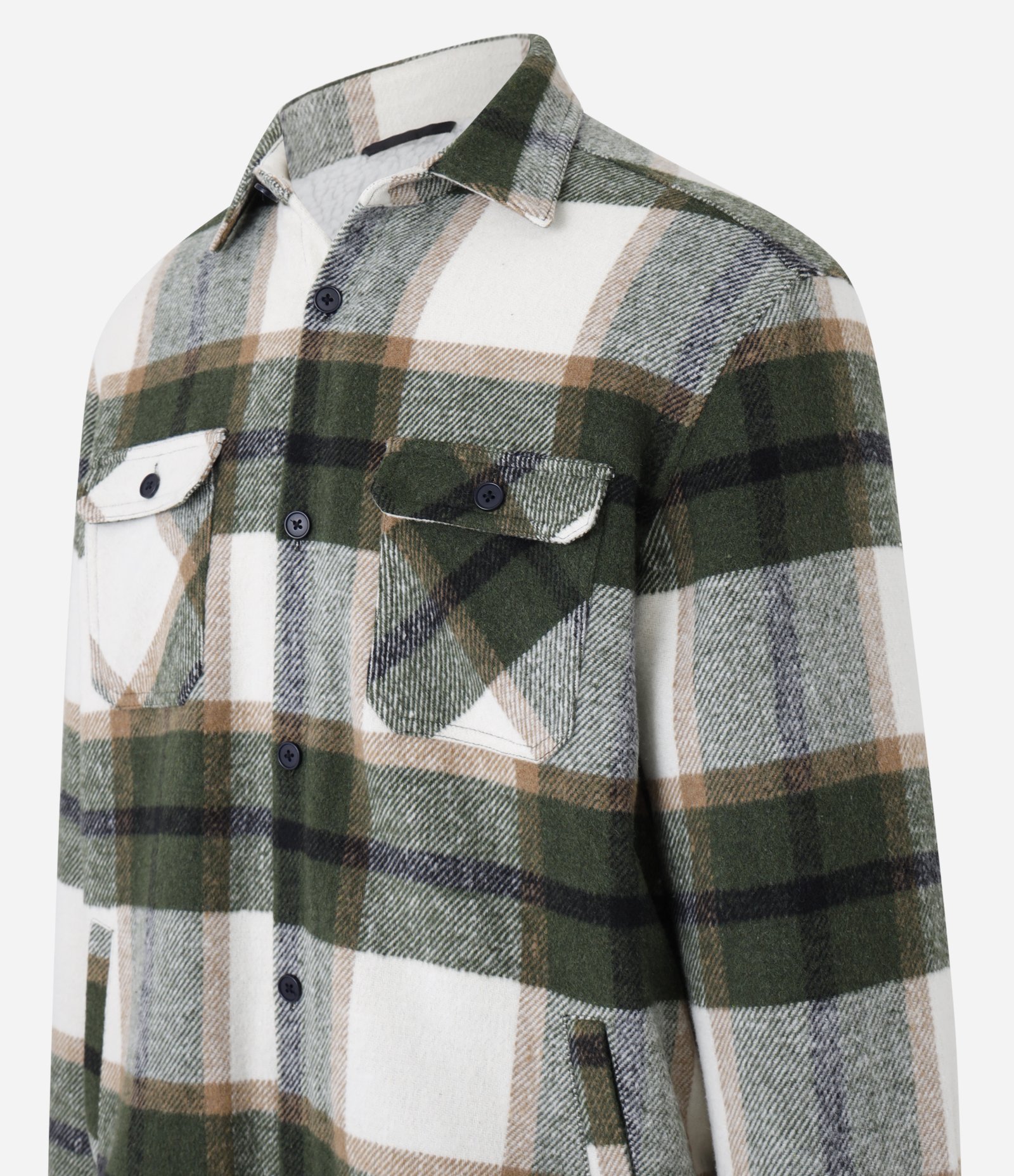 Jaqueta Trucker em Veludo com Estampa Xadrez Verde/ Marrom/ Branco 6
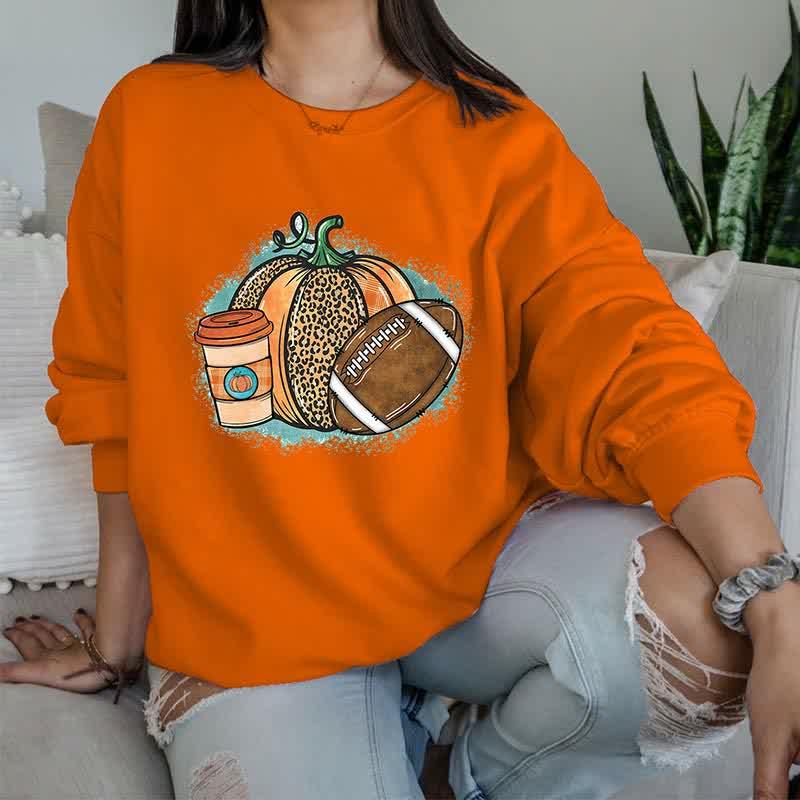 Pumpkin Pattern Print Round Collar Sweatshirt  |   Sweatshirts & Hoodies Clothing Black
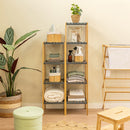 Estantería de bambú gris y natural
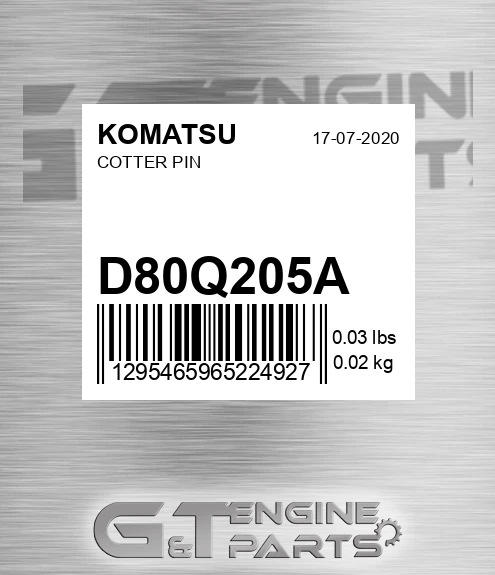 D80Q205A Cotter Pin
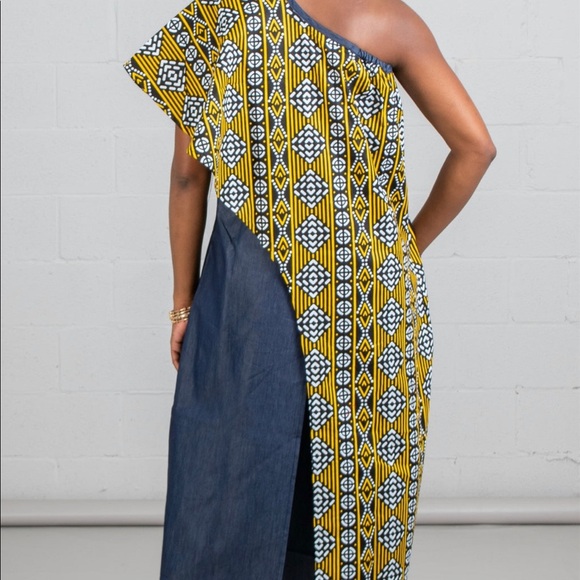 AFRICAN PRINT/DENIM DUSTER - Denim & Yellow - Picture 2 of 2
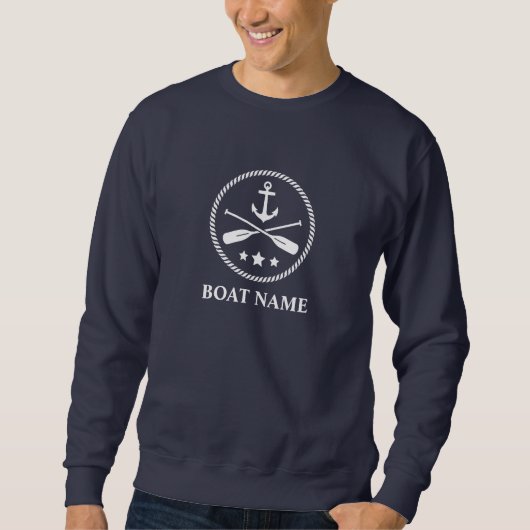 Ihr Schiff oder Name & Navy Blue Anchor & Oars Nav Sweatshirt (Vorderseite)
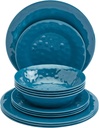 Tabletops Gallery Indoor/Outdoor Melamine Dinnerware Collection- Chip Break Resistant Plates Bowls Dishwasher Safe, 12 Piece Dinnerware in Ocean Blue (Dark Blue)
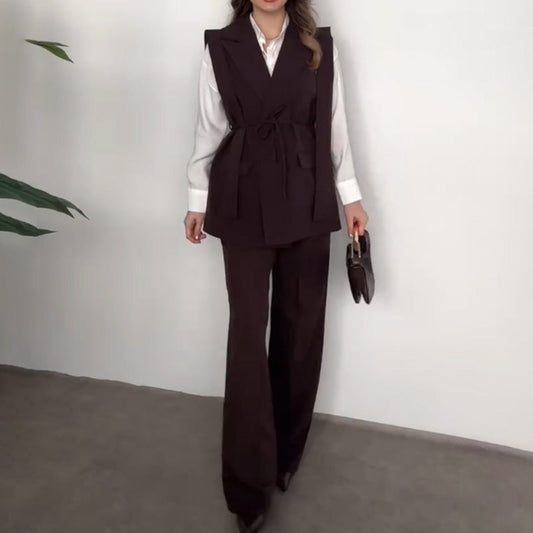 🥰💃Set aus entspanntem Oberteil und Hose mit geradem Bein für Frauen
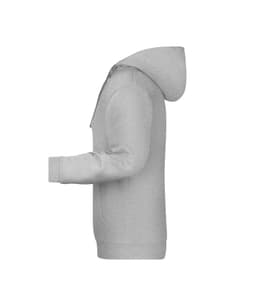 A grey men's hoodie featuring a kangaroo pocket and a hood, with a simple design and fitted sleeves.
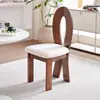 Mesa de Comedor y Sillas Vintage Estilo Francés Wabi-Sabi, Sillas de Comedor de Madera Maciza para Comedor del Hogar, Silla con Respaldo de Sirena en Forma de Llave, Taburete de Maquillaje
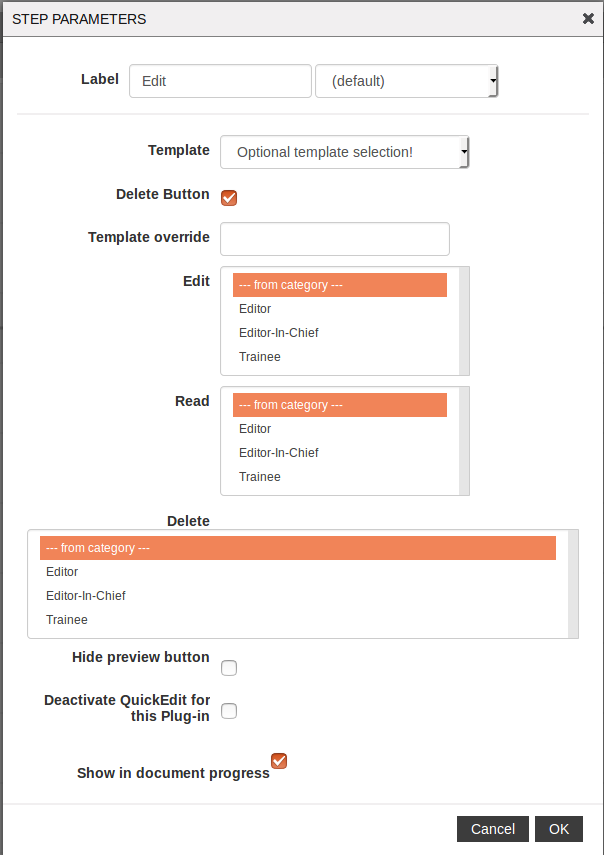 Delete workflow step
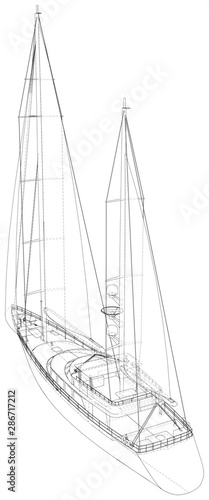 Sailboat line. EPS10 format. Wire-frame Vector created of 3d.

## Work task
Leave out the pictures and reproduce the rest of the records exactly.

## Exercise response
 Jaqueta Trucker em Veludo com Estampa Xadrez Verde/ Marrom/ Branco 6
 Pumpkin Pattern Print Round Collar Sweatshirt  |   Sweatshirts & Hoodies Clothing Black
 Estantería de bambú gris y natural
 D80Q205A Cotter Pin
 AFRICAN PRINT/DENIM DUSTER - Denim & Yellow - Picture 2 of 2
 Ihr Schiff oder Name & Navy Blue Anchor & Oars Nav Sweatshirt (Vorderseite)
 Tabletops Gallery Indoor/Outdoor Melamine Dinnerware Collection- Chip Break Resistant Plates Bowls Dishwasher Safe, 12 Piece Dinnerware in Ocean Blue (Dark Blue)
 🥰💃Set aus entspanntem Oberteil und Hose mit geradem Bein für Frauen
 A grey men's hoodie featuring a kangaroo pocket and a hood, with a simple design and fitted sleeves.
 Mesa de Comedor y Sillas Vintage Estilo Francés Wabi-Sabi, Sillas de Comedor de Madera Maciza para Comedor del Hogar, Silla con Respaldo de Sirena en Forma de Llave, Taburete de Maquillaje
 Delete workflow step
 Sailboat line. EPS10 format. Wire-frame Vector created of 3d.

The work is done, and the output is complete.